3-D Comics Skullduggery

---Behind the scenes with Leonard Maurer during the 1950s 3-D comics crash

by Ray Zone

When "Three Dimension Comics," the "World's First" 3-D Comic Book sold a million copies in 1953, the world took notice. As the inventor of 3-D comics, Leonard Maurer, in partnership with his brother Norman and cartoonist Joe Kubert, formed the American Sterographic Corporation to license the 3-D Illustereo process to comics publishers. As the publisher of "Three Dimension Comics," and under license for 3-D Illustereo, Archer St. John converted his whole line of comic books to 3-D.

"While all this was going on," recounts Leonard Maurer, "I did what I could to prepare the way for licensing, and had already approached several publishers. But, all my efforts soon went up in smoke when we were forced into a cockamamie patent infringement lawsuit with Bill Gaines."

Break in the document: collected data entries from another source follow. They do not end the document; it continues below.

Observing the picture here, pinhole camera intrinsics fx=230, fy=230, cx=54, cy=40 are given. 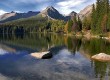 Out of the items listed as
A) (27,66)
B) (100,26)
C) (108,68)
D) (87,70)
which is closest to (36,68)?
(27,66)

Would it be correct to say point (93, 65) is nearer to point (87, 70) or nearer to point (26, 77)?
point (87, 70)

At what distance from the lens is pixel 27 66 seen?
4753 centimetres

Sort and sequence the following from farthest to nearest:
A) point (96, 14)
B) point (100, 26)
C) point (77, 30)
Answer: point (77, 30) → point (96, 14) → point (100, 26)

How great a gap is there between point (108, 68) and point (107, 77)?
690 cm

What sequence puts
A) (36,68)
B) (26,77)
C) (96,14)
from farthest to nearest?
(96,14)
(36,68)
(26,77)

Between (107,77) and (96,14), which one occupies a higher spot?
(96,14)

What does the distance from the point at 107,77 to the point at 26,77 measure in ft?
43.4

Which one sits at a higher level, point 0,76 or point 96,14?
point 96,14

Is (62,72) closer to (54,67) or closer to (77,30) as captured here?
(54,67)

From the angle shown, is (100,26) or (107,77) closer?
(107,77)

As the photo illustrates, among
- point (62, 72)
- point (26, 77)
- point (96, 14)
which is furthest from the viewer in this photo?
point (96, 14)

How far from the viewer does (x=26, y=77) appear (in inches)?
1479

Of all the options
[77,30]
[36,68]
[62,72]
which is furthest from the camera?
[77,30]

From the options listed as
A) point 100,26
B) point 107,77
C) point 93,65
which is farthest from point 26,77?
point 100,26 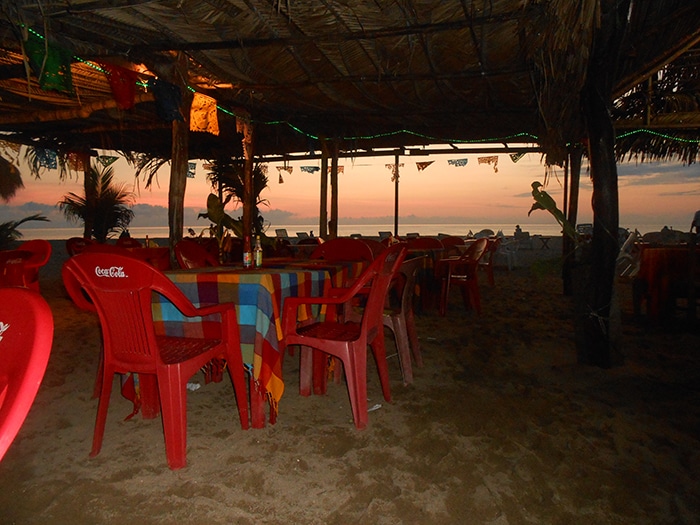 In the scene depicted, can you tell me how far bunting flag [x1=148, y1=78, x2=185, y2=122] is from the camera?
4832 millimetres

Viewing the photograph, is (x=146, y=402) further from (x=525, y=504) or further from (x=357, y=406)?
(x=525, y=504)

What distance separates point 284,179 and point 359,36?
8162 mm

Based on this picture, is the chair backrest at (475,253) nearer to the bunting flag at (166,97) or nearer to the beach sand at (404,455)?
the beach sand at (404,455)

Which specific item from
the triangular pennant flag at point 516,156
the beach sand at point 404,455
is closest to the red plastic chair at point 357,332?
the beach sand at point 404,455

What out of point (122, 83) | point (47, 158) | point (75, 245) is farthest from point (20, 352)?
point (47, 158)

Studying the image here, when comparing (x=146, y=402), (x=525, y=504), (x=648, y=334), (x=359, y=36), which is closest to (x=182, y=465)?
(x=146, y=402)

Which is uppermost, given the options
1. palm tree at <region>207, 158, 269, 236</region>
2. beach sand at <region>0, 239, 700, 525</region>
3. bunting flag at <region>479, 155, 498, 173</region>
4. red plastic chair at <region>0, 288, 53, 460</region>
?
bunting flag at <region>479, 155, 498, 173</region>

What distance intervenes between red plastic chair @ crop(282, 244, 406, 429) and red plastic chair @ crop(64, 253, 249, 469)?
51 cm

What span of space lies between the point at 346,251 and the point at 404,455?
246 centimetres

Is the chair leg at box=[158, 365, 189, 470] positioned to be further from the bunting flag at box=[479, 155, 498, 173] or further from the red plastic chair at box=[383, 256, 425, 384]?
the bunting flag at box=[479, 155, 498, 173]

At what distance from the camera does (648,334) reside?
4711 millimetres

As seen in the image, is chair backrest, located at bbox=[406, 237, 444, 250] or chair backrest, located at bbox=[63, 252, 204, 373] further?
chair backrest, located at bbox=[406, 237, 444, 250]

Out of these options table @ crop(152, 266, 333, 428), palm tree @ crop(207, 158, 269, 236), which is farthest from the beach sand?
palm tree @ crop(207, 158, 269, 236)

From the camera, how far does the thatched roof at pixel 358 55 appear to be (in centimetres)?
337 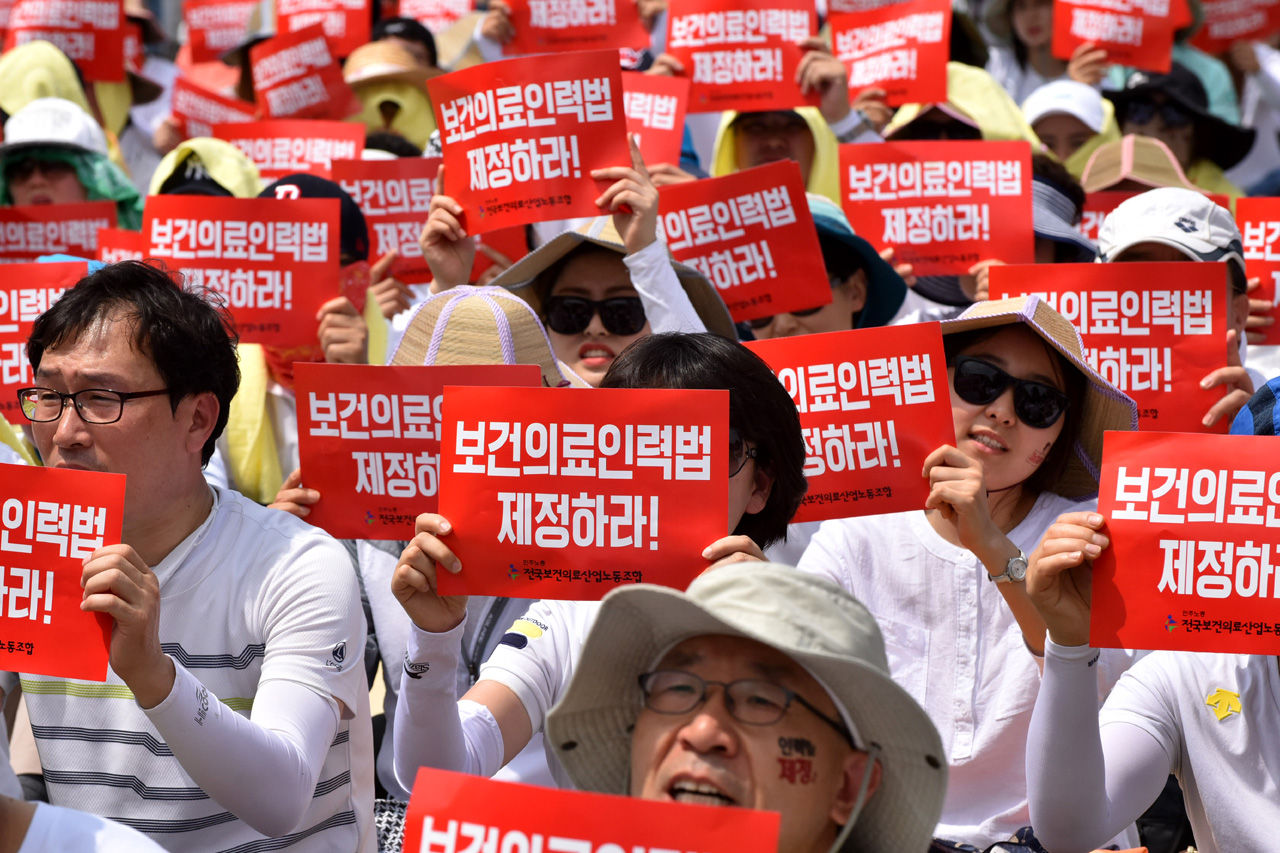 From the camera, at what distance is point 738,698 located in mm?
2404

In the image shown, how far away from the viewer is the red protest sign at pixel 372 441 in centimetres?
398

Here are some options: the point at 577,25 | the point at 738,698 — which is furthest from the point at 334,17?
the point at 738,698

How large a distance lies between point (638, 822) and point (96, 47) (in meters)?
8.38

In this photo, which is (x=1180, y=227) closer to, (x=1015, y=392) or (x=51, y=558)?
(x=1015, y=392)

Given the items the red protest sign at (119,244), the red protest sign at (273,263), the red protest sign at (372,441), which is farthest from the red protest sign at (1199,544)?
the red protest sign at (119,244)

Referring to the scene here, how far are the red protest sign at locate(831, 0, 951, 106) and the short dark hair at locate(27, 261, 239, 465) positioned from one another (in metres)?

Gaines was the publisher of the Entertaining Comics (EC) line that included MAD Comics as well as many controversial horror and crime comic books. He was also a 3-D photography enthusiast who owned a StereoRealist camera and when the St. John 3-D comics came out began immediately to make plans for 3 issues of EC 3-D Comics.

EC Comics' publisher
William Gaines
(art by Chuck Roblin)

With a patent search, Gaines discovered an October 13, 1936 Patent (no. 2,057,051) by Freeman H. Owens which was a Method of Drawing and Photographing Stereoscopic Pictures in Relief and described reproduction of a newspaper cartoon drawing as a "stereoscopic relief picture" with separate parts of the cartoon "copied on separate transparent sheets" and "opaque on the back to correspond with the outline in each case." The sheets, "advantageously celluloid," were recombined and copied "to make the pair of stereoscopic views" by shifting them laterally.

"A month before its expiration," notes Maurer, "Gaines bought the Freeman Owens patent -- which never turned up in our patent search -- from the dying inventor for a few hundred bucks." Then Gaines initiated suit for patent infringement on all the publishers of 3-D comics including St. John. "That suit," says Maurer, was "based on surreptitious individual tape recordings of meetings with Joe and Norman, where Gaines accused me of stealing the Owens patent out of the patent office (big joke). It triggered the resignation of Harvey Kurtzman and Bill Elder, who had gotten confidential disclosures of the entire process from me and felt betrayed by Gaines when phony accusations came out in court.

Freeman Owens Patent of 1936 for Stereoscopic Cartoons

"The famous Judge Liebowitz threw the case out with the comment that the Gaines deposition read like a 'fantasy story out of Mad Comics.' But, it served its purpose, and ruined all my chances to license the 3-D Illustereo process to anyone other than St. John. Harvey's resignation opened the way for Al Feldstein to take over Mad. Al (my closest High School of Music and Art buddy) wasn't involved in the disclosure, but he warned me about Gaines' secret tape recorders before my meetings with him. All these guys were also old high school classmates of mine, as were many of the Mad Comics' artists, most of whom had much more integrity than their boss, I guess.

"Since that lawsuit ended all possibility of licensing in the comic book business, I was already preparing for 3-D entry into the advertising market when St. John offered me a decent cash buyout and gave me the 3-D studio with all its equipment, as well as sole ownership of the 3-D Illustereo trade name for helping him unload some of his surplus acetate and glasses to avoid bankruptcy. He made a separate deal with Joe and Norm since they were under contract as book editors and artists. Eventually, he had to go bankrupt anyway, and died shortly thereafter.

"The 3-D advertising business was pretty good for a couple of years. We had a hand in the production of the Tarzan 3-D card series published by Topps Bubble Gum, along with a number of interesting 3-D posters and marketing brochures." During this period, Maurer also worked with the American Colortype company to develope a 4-color anaglyph process called 'Stereochrome' which was "originally tested with color painted artwork on cels, using the same level-separating technique as the 3-D Illustereo process," says Maurer.

"As an advertising application, we were planning to also test the Stereochrome process photographically using a dual mirror, single lens camera auto convergence system I designed so that the center of interest at any depth level would be in full color sharp focus and relatively fringe-free when printed as a 4-color anaglyph. Unfortunately, American Colortype went out of business. 3-D advertising interest began to switch over to lenticular systems and I gradually abandoned my 3-D cartoon anaglyph work to continue on as a conventional graphic design studio."